There are many different holiday days in Canada. While some are based on important Christian traditions, others commemorate secular or civic events. Checking out the different ceremonies and activities which mark certain holidays can help you learn more about Canadian culture.
New Year's Day (January 1st)
The first day of every year is a holiday in Canada! Use the opportunity to enjoy the winter weather, spend time with friends, or rest from partying the night before.
Family Day (3rd Monday in February)
Created in Alberta to mark the importance of family, many Canadians use this day to relax, go outside, and enjoy the company of their family.
Good Friday (Friday preceding Easter)
This sombre day marks the date when Christians believe that Jesus Christ was crucified and died.
Victoria Day (Monday preceding May 25th)
Queen Victoria was the reigning monarch when Canada became a country, and her birthday had already been a holiday in British Canada before then. This day is used to celebrate Canada's British heritage.
Canada Day (July 1st)
Canada become a country on July 1st, 1867. Every July 1st Canadians celebrate their country, there are always a great many events to take part in.

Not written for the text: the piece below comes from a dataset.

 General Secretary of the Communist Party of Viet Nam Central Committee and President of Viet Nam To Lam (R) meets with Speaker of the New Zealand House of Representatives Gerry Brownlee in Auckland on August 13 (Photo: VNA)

Heritage Day (1st Monday in August)
While this holiday has many names across Canada, Albertans use this day to celebrate the diverse ethnic and cultural heritage of the people who make up the province.

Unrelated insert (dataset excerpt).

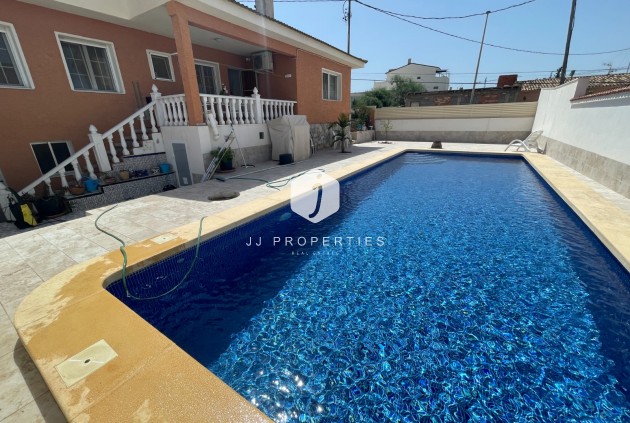 Villa - Resale -
            Benijofar - C-11437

Labour Day (1st Monday in September)
In the 1800s workers would strike and protest for better working conditions and a shorter work week. This day honours workers, many unions will organize marches to celebrate.

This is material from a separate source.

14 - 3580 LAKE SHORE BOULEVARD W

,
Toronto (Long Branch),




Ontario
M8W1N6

Thanksgiving (2nd Monday in October)
Occurring about six weeks earlier than American thanksgiving, this day is when Canadians "give thanks" for what they appreciate.
Remembrance Day (November 11th)
On November 11th, 1918, the first world war ended. Since then, this day has been used to honour the sacrifice of all those who have died in war.
Christmas Day (December 25th)
Christmas has a great many traditions associated with it, although this was originally the day when Christians believe that Jesus Christ was born.